A primary focus of the trainings is a novel system in which the total score on the SRA-FV is used to select one Static-99R “reference group” among three available options. The developer describes the statistical modeling underlying this procedure, which he claims increases predictive validity and power over using the Static-99R alone. However, reliability data is not offered to support this claim. In the December 2010 training, several colleagues and I asked for the inter-rater agreement rate but Dr. Thornton refused to provide it.

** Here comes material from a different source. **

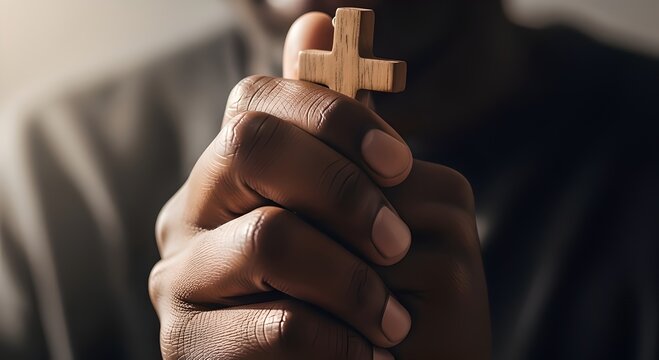 A person holds a small wooden cross with clasped hands in prayer indoors.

I was astounded but not surprised when some government evaluators in California started to apply the SRA-FV in sexually violent predator risk assessments within 30 days after the December 2010 training. This trend blossomed in other jurisdictions with sexually violent predator civil confinement laws. Typically, government evaluators applied the SRA-FV to select Static-99R reference groups, invariably choosing to compare offenders with the “High Risk High Needs” sample with the highest re-offense rates. A minority of clinicians stated in reports and court testimony that the SRA-FV increased predictive accuracy over the Static-99R alone but they were unable to quantify this effect. The same clinicians have argued that the pending publication of the Thornton and Knight study was sufficient to justify its use in civil confinement risk assessments for sexually violent predators. They appeared to imply that the mere fact that a construction and validation study had been accepted for publication was an imprimatur that the instrument was reliable and valid for its intended purposes. Now that the research has been peer-reviewed and published, the results reflect that these government evaluators apparently put the proverbial cart before the horse.

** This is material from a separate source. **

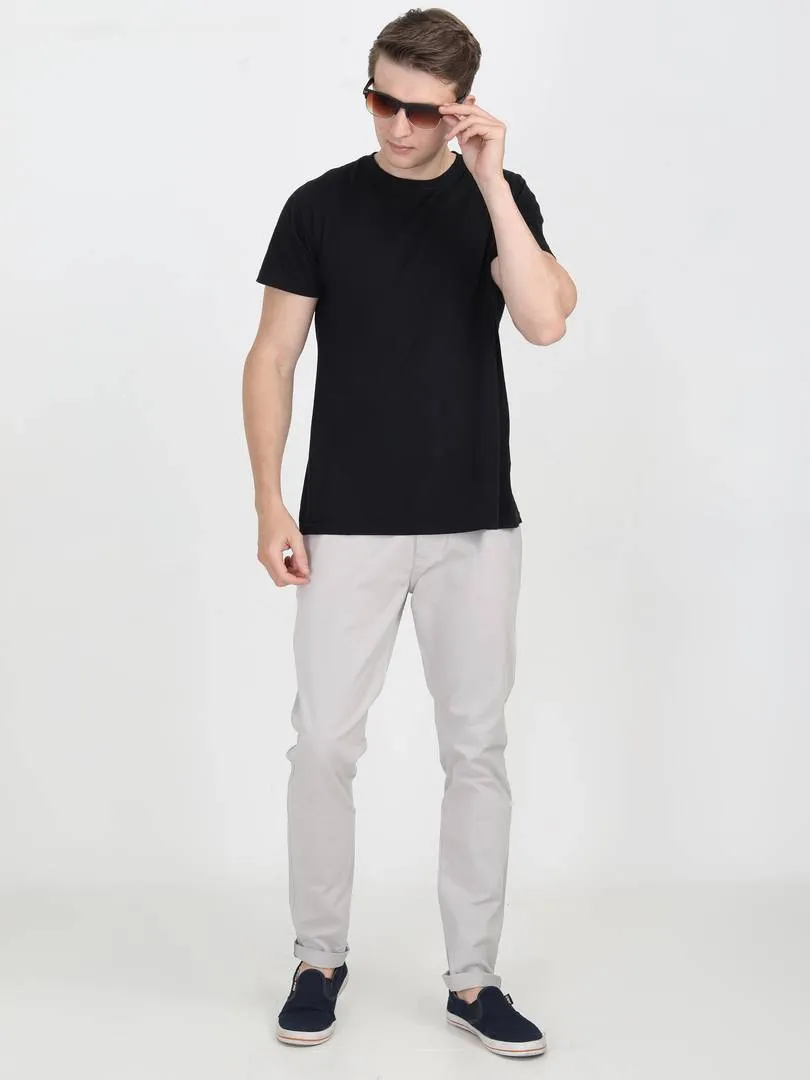 Men's Grey Cotton Solid Mid-Rise Regular Fit Casual Trouser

David Thornton and Raymond Knight penned an article that documents the construction and validation of the SRA-FV. The publication is a step in the right direction, but by no means do the results justify widespread application of the SRA-FV in sexual offender risk assessment in general or sexually violent predator proceedings in particular. Rather, the results of the study only apply to the group upon which the research was conducted and do not generalize to other groups of sexual offenders. Before discussing the limitations of the research, I would like to point out some encouraging results.

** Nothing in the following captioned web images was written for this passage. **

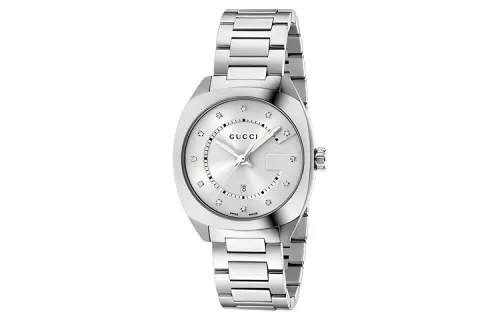 GUCCI Wrist Watches Quartz Movement Stainless Steel Strap Silver Dial Men's Watches 50m Waterproof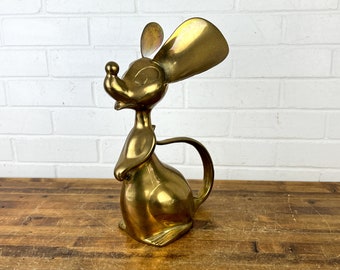 14&quot; Vintage Large Brass Mouse Figurine XL Gold Metal Mouse to Display Made in Korea Big Decorative Mouse Statue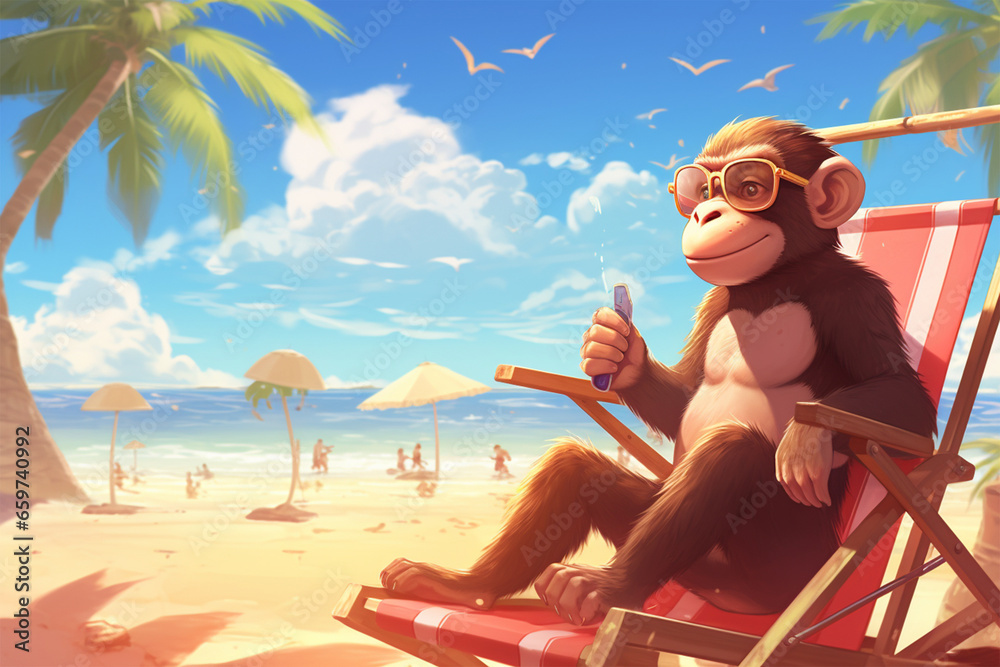anime style scenery background, a monkey on the beach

The SRA-FV did, as its developer claimed, account for more sources of sexual recidivism risk than the Static-99R alone. However, it remains unknown which of the SRA-FV’s ten items contribute to risk prediction. The study also found that the combination of the Static-99R and SRA-FV increased predictive power. This improved predictive accuracy, however, must be replicated to determine whether the combination of the two instruments will perform similarly in other groups of sexual offenders. This is especially important when considering that the SRA-FV was constructed and validated on individuals from the Bridgewater sample from Massachusetts who are not representative of contemporary groups of sexual offenders. Thornton and Knight concede this point when discussing how the management of sexual offenders through all levels of the criminal justice system in Massachusetts between 1959 and 1984 was remarkably lenient compared to contemporary times. Such historical artifacts likely compromise any reliable generalization from patients at Bridgewater to present-day sexual offenders.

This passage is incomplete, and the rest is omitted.